C++17 introduced a new type, std::byte, so now we finally have a first-class citizen type to represent bytes in memory. Besides being a novelty in the standard, the C++ rules for object creation, start and end of life, aliasing etc. are fairly complicated an unintuitive most of the times, so whenever I feel std::byte is the right tool I also get nervous and reluctant to use it, for fear of unintentionally summoning the Undefined Behavior Balrogs.

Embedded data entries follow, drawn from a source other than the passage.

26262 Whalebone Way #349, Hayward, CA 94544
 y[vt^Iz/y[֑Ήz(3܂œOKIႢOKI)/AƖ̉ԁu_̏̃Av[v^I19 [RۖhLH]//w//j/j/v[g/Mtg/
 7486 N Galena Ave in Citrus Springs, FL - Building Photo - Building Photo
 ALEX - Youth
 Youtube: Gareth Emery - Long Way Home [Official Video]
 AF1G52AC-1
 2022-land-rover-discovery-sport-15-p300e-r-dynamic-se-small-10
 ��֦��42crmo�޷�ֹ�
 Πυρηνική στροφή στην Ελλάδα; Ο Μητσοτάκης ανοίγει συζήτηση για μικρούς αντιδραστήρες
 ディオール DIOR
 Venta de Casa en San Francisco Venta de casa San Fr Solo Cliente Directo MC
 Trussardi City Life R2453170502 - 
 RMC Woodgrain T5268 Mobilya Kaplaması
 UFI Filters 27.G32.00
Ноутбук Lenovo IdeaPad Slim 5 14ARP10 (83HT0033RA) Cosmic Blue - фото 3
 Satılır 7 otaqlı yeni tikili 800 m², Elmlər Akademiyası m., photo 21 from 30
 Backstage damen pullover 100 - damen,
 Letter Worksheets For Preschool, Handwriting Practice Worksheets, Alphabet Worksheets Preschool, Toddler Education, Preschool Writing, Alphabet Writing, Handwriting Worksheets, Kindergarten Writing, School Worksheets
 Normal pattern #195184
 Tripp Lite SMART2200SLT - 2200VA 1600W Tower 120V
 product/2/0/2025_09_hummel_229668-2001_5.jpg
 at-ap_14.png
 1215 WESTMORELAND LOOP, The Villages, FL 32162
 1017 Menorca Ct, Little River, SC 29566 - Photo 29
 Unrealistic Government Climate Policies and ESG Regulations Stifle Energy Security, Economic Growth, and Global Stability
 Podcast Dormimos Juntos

One such case is a buffer to be used with placement new:

#include <memory>
#include <cstddef>
#include <type_traits>

struct X { double dummy[4]; char c; };

auto t1()
{
    // the old way

    std::aligned_storage_t<sizeof(X)> buffer;
    X* x = new (&buffer) X{};

    x->~X();
}

auto t2()
{
    // the new way?

    std::byte buffer[sizeof(X)];
    X* x = new (&buffer) X{};

    x->~X();
}

Is t2 perfectly safe and equivalent with t1?

In response to alignment issues, what about:

auto t3()
{
    alignas(X) std::byte buffer[sizeof(X)];

    X* x = new (&buffer) X{};
    x->~X();
}

Answer 1

Is t2 perfectly safe and equivalent with t1?

No. In fact, both are bad.

t2 is bad for the reason NathanOliver indicates: it's underaligned. You'd need to write:

alignas(X) std::byte storage[sizeof(X)];

t1 also kind of has this problem, in that you almost certainly want to write aligned_storage_t<sizeof(X), alignof(X)> and not just aligned_storage_t<sizeof(X)>. If X were overaligned, you would lose that here. If X was just large but had no alignment requirement, you would end up with a relatively overaligned storage.

t1 is also bad for an especially peculiar reason: aligned_storage doesn't quite guarantee what you think it guarantees. In particular, it guarantees that an X can fit in aligned_storage<sizeof(X)>, but it does not guarantee that it can fit exactly. The specification is simply:

The member typedef type shall be a trivial standard-layout type suitable for use as uninitialized storage for any object whose size is at most Len and whose alignment is a divisor of Align.

That is, aligned_storage<16>::type is guaranteed to be at least 16 bytes, but a conforming implementation could easily give you 32. Or 4K. That in addition to the problem of using aligned_storage<16> by accident instead of aligned_storage_t<16>.

This is why P1413 exists as a paper: aligned_storage is kind of bad.

---

So the real answer is actually just to write something like libstdc++'s __aligned_membuf:

template <typename T>
struct storage_for {
    alignas(T) std::byte data[sizeof(T)];

    // some useful constructors and stuff, probably some getter
    // that gives you a T* or a T const*
};